Blood (100–140 mL) was drawn on days indicated in figure 1. PBMCs were isolated from 80 mL (except 120 mL week 0) using Ficoll gradient centrifugation and cryopreserved in 10% dimethyl sulfoxide/90% serum. Thawed PBMCs were incubated 2 hours at 37°C with 40 µg/mL each of pBCAR3_126-134, pIRS2_1097-1105 and pS33-βcat_30-39 (control), washed to remove unbound peptide, and resuspended in medium containing 10 ng/mL recombinant human IL-7 (Peprotech, Rocky Hill, New Jersey, USA) for 3 days. New medium containing recombinant human IL-7 plus 10 ng/mL IL-15 (Peprotech) was added on days 3, 7 and 10. Cells were assayed on day 14 for IFNγ production by ELISpot assay using methods and criteria described previously.14 15 Briefly, T2-B7 cells were pulsed with each of the three phosphopeptides for each assay date. Negative controls included no peptide, irrelevant peptide (HIV gag peptide restricted by HLA-A2; Atlantic Peptides, LLC, Lewisburg, Pennsylvania, USA), and positive controls included PMA-ionomycin, PHA. Responses were corrected for the fraction of CD8 T-cells in PBMC as determined by flow cytometry of individual samples at culture initiation. T-cell responses were calculated using the following definitions: Nvax=number T-cells responding to vaccine peptide; Nneg=number T-cells responding to maximum negative control; Rvax=Nvax/Nneg. A patient was considered to have a T-cell response to vaccination (binary yes/no), only if all of the following criteria were met: (1) Nvax exceeded Nneg by at least 100 spots/100 000 CD8 cells, (2) (Nvax – 1 SD) ≥ (Nneg +1 SD) and (3) Rvax after vaccination ≥2 x Rvax prevaccine. Prevaccine Rvax values less than one (eg, control counts exceed number of responding T-cells) were set equal to one to indicate no response and to prevent overinflating adjusted fold-increases due to prevaccine ratios less than one or division by zero. Interassay coefficients of variation (CVs) were calculated for the response of 2 normal donors to a mixture of viral peptides (CEF peptide pool, Proimmune, Sarasota, Florida, USA): for the high responder, mean number of spots per 1 00 000 cells was 309, and CV was 29%.

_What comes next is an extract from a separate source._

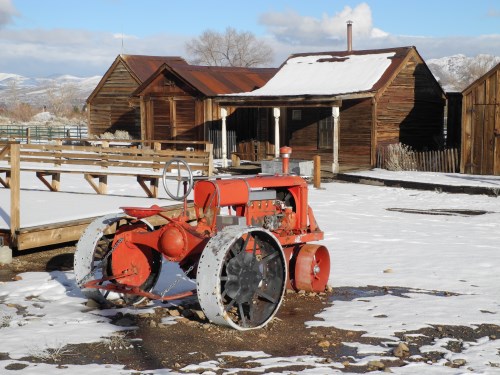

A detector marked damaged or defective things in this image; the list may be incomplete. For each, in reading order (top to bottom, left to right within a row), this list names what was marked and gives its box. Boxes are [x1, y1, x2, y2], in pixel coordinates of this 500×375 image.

rusty metal wheel [73, 214, 162, 308]
rusty metal wheel [197, 226, 288, 328]
rusty metal wheel [294, 244, 330, 294]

Since this was a first-in-humans clinical trial with phosphopeptide antigens for cancer, a first goal was to assess safety with a small study. The biological primary endpoint was evidence of immunogenicity. The prespecified level of interest was two or more patients with T-cell responses. Beyond that, CI for the observed proportions would determine how much the data supported immunogenicity. Assuming that the response to one phosphopeptide is not affected by the presence of the other for those in arm C, the immunogenicity of each phosphopeptide was based on the total number of participants vaccinated with the specific phosphopeptide, alone or in combination with the other (ie, Arm A+Arm C for pBCAR3_126-134; Arm B+Arm C for pIRS2_1097-1105). Based on the upper limit of a one-sided 90% CI, if the upper limit of the observed bound was >35% to any single phosphopeptide, we would conclude that the phosphopeptides was immunogenic and worthy of further study. To define the CD8 T-cell response rate with higher precision would require a much larger sample size, which was not indicated in this first-in-humans trial.

All participants were clinically free of disease at enrollment. Disease-free survival (DFS) is defined as the time from on-study until the earliest documentation of a new metastasis or death from any cause, or censored at the date of last follow-up for those without a documented event. Overall survival is defined as the time from on-study to death from any cause, or censored at the date of last follow-up for those still alive.